PHEW. I’m back in the saddle and today I thought I’d write a little bit about our roadmap for this Growth Stacking project: what, how, why, when, where!

A few weeks ago, newly Ritalin’d and finally able to work again, I was hunting around on the internet for solid advice on How To Set Daily Priorities, and found… nothing.

Lots of handwaving and proselytizing of the power of daily priorities…

Lots of platitudes about importance…

Lots of Eisenhower matrices…

But nothing concrete about choice, except in terms of urgency or importance.

But… how do you decide what is urgent or important? Or not?

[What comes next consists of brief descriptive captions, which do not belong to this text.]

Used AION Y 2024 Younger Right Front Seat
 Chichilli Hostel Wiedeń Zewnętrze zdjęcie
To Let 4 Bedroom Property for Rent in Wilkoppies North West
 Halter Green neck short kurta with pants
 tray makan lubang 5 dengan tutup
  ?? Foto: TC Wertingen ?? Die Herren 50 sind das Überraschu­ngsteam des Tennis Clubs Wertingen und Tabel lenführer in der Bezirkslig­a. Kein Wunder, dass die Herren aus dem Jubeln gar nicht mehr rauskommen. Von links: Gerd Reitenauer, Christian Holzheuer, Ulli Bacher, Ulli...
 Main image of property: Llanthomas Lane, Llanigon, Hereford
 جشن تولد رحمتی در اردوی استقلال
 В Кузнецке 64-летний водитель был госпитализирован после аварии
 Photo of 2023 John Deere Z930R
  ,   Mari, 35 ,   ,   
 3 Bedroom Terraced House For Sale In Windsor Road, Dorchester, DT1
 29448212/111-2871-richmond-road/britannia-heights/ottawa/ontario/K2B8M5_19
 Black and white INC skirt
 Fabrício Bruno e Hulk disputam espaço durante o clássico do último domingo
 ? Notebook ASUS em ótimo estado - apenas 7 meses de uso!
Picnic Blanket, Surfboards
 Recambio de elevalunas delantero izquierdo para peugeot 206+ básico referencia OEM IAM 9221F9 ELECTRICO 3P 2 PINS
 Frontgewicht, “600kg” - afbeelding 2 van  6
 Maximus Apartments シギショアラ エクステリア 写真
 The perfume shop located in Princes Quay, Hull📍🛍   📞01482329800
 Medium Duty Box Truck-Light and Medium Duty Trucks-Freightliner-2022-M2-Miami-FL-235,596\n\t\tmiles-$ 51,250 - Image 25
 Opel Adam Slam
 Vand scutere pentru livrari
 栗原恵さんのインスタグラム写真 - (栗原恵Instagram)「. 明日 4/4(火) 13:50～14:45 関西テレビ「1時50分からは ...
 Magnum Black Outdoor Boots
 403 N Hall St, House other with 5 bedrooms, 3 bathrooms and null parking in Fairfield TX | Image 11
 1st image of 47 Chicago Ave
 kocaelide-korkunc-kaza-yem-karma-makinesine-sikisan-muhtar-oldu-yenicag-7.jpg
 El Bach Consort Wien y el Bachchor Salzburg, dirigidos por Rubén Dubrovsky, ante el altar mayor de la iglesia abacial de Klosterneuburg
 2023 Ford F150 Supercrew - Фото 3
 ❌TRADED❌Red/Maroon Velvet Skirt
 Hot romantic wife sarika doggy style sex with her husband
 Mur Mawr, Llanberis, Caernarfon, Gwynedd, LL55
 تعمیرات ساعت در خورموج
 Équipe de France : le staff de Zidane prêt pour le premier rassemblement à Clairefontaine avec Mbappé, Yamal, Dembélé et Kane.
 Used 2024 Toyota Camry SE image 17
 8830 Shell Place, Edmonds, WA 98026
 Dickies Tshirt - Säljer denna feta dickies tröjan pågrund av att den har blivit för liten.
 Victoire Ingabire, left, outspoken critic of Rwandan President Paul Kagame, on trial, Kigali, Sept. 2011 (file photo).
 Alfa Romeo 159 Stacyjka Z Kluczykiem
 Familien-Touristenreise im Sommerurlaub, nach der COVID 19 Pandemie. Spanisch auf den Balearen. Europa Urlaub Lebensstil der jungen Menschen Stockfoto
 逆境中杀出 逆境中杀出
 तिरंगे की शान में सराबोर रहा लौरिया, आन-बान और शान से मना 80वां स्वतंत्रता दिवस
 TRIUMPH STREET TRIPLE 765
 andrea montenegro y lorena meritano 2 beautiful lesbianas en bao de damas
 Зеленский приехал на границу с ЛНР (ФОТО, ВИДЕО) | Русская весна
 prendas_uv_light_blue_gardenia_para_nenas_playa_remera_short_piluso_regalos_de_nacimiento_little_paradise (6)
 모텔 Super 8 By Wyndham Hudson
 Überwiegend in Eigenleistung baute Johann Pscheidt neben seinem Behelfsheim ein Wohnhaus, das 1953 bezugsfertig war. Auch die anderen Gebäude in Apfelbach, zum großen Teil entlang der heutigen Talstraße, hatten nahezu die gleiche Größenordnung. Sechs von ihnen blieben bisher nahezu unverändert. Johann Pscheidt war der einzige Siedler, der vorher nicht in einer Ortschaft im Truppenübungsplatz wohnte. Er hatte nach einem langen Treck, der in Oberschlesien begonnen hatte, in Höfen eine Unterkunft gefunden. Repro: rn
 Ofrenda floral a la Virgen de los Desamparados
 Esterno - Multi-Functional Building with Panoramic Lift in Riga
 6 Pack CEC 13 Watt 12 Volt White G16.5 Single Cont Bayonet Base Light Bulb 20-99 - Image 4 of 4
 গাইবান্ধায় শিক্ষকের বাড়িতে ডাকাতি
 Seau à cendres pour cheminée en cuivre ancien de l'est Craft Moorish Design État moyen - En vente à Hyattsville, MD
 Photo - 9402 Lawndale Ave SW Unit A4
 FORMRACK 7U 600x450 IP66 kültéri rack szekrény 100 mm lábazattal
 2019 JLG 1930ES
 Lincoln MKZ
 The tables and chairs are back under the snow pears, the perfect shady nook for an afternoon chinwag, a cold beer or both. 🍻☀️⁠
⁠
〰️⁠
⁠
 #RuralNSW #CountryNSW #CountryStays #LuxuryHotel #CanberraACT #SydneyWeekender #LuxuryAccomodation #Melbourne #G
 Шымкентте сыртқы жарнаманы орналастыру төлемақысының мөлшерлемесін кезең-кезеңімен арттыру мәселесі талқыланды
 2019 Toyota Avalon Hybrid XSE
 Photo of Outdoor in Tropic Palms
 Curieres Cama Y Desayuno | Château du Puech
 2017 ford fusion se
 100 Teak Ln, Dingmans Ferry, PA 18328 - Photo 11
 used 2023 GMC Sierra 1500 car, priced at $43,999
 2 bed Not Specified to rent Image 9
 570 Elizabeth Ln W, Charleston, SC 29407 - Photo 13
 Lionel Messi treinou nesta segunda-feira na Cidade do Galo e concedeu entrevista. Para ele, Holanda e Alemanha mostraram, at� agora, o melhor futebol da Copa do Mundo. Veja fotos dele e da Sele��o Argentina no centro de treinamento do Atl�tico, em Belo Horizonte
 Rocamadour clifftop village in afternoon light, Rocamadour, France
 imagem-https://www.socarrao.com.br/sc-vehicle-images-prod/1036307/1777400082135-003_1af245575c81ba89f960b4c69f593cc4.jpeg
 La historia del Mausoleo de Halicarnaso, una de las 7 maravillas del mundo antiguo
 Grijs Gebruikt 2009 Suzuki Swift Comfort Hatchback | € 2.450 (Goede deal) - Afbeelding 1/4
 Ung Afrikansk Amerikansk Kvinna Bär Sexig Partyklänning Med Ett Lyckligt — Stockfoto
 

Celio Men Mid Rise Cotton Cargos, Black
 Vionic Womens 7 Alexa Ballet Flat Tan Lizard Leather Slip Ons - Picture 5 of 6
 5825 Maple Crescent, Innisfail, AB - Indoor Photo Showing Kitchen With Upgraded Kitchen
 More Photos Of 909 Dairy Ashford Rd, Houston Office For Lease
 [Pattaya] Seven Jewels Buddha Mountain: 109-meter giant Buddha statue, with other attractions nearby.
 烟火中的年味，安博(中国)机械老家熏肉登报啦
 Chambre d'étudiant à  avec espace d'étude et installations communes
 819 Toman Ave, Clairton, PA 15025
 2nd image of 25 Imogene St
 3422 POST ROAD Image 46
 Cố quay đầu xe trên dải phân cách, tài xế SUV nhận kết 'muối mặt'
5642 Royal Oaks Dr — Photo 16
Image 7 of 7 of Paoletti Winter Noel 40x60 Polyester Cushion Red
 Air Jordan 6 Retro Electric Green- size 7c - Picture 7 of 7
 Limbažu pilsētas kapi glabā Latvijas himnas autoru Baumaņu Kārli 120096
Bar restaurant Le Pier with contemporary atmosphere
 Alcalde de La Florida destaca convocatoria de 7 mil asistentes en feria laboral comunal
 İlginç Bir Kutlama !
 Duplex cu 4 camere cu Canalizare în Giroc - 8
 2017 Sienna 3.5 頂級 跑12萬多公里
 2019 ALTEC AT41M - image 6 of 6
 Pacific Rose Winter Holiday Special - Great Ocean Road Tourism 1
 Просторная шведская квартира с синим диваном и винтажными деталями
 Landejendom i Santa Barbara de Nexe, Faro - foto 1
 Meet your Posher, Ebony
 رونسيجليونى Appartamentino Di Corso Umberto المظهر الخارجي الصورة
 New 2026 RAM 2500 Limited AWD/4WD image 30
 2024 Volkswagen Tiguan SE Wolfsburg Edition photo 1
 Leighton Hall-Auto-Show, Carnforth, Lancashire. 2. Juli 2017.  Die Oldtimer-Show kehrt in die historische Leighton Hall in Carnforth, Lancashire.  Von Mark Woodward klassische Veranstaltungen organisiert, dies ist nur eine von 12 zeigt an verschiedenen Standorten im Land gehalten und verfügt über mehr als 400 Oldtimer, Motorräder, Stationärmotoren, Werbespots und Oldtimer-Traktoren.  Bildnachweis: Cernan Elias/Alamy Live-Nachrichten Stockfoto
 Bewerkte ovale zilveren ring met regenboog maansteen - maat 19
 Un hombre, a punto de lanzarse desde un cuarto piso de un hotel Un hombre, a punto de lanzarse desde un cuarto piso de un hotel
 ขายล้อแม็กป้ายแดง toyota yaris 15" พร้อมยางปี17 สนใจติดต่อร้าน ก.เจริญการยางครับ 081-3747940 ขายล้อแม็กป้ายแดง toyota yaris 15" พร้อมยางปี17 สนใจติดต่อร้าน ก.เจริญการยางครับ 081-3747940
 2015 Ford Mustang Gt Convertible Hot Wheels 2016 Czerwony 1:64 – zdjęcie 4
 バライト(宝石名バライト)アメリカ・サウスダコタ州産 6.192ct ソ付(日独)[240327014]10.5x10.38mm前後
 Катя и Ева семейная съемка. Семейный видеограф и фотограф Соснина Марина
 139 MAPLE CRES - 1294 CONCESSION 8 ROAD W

Much like Getting Things Done, the Eisenhower matrix is all about triaging work that drops in your lap… reacting to external stimulus, not creating new things that don’t yet exist.

The Eisenhower matrix is a tool for a moment. But I’m looking at a one- or two-year project.

Here’s the thing:

I know how to plan. And I know how to prioritize when time is tight!

But I’ve come to realize that I’m excellent at planning, prioritizing, and executing in bursts leading up to a launch — even extremely long bursts, like the year it took to remake 30x500! — but not so consistent over the long-term.

Ironic, maybe, since I’m always praising the power of stewardship and investment.

So I took stock:

  1. I’m good at launches and deadlines.
  2. I’m good at putting out fires as they arise.
  3. I’m not good at the daily grind.

And what I’ve come to understand is that the best way to get better at the daily grind is to make the grind more like a burst.

The thing that led me to think this is a book called The 12-Week Year. It’s one of those books, you know, where you don’t actually have to read the book to get the gist? It made quarterly planning sound exciting. Any number of the summaries and reviews out there will give you what you need to know.

Here’s the bottom line: Instead of setting yearly goals, set them quarterly, and focus on things you can do versus outcomes, and set up a system of metrics and checks for along the way.

I took what I read and designed my own worksheet, and laid out a plan in Preview (yes, as a PDF).

And here it is.

It’s already not quite a source of truth — I’ve changed and moved things and I’ve fallen behind (me, specifically; yay stupid bodies). Changes so far are in pink.

Today I’m going to edit it some more. But it’s invigorating and clarifying to have it!

“Plans are worthless, but planning is everything,” as Eisenhower himself once quoted.